Not that I think, therefore, that we should do nothing; we should fight this with every ounce of our strength, if only to reduce the damages. To, at least, leave some kind of habitable space to our grandchildren.

Another argument that I have read is that to start restricting carbon release now is discriminatory against the third world countries that are just now industrializing. Why should they have to suffer just because we are such wastrels?
Just another excuse from Big Oil?

It is true that it is too late to completely reverse the damage. Some damagehas been done and even if we stopped producing CO2 now the daage would still go on for 100 years or so. However, that is no excuse to keep making the problem worse. The longer we keep doign this to ourselves, the worst it will get.

Are you serial?

By Leo Dombrowski (not verified) on 09 Mar 2007 #permalink

Accounts of the Apollo 13 mission popularized the phrase, "Failure is not an option," used by NASA engineers. In widespread usage now, it's commonly used to prop up magical thinking.

Engineers tend to be pretty hard-nosed about respecting reality and avoiding magic. I think they meant: "It might be physically impossible to bring this crew back alive. But if we fail, it won't be because we stopped thinking, and working the problem."

Maybe it's too late to save earth, but failure to "work the problem" is not an option.

Well, not to be too "Clintonion", but it depends what you (and Gore) mean by "it".

As Al would say, let me explain. It is not contradictory for a skeptic to remain both unconvinced that humans are responsible for a significant contribution to climate change, and for the same skeptic to conclude that even if he or she is wrong and we are responsible, the problem may then be too big to do anything about.

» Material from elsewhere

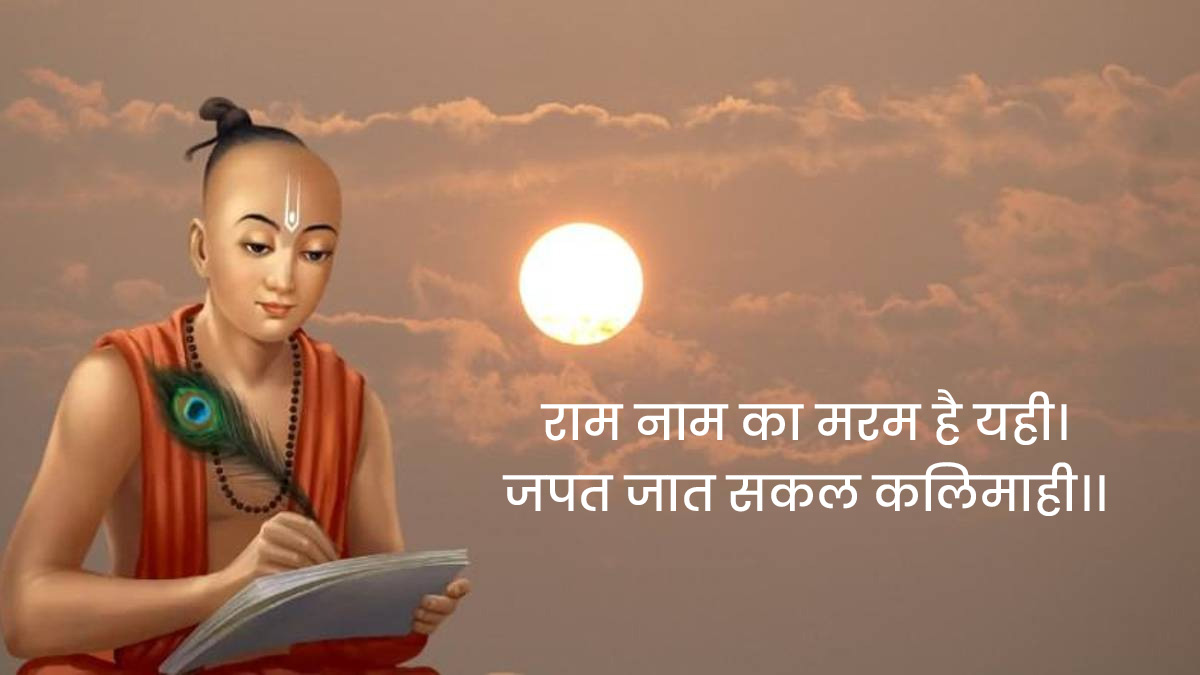 Wishes, What are the famous lines from Ramcharitmanas, What is famous shlok of Tulsidas, What is the famous writing of Tulsidas, What is dohawali Tulsidas ()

If my garage is on fire and I am informed that I caused it, I might register some skepticism. I might also point out that since the fire is fully engaged, that regardless of the cause, nothing can be done to save it now. The fact that I left some oily rags in the garage does nothing to change the fact that it is too late to save it.

You might say, in the context of climate change, "Well, that skepticism is what helped let the problem get out of control!" But that doesn't make the latter proposition false. Each claim has to be judged on its own merits, and each may fail independently to hold up to scrutiny, but it is not a logical inconsistency to hold both views.

BTW, Obviously I sincerely hope that the earth has a better chance of survival than a flaming garage. It is clear that we all need to do a lot more, which is one of the reasons I gave up car commuting for the bus. But I still contend that any solution for climate change has to be assessed for its costs, in every sense, and measured against expected outcomes.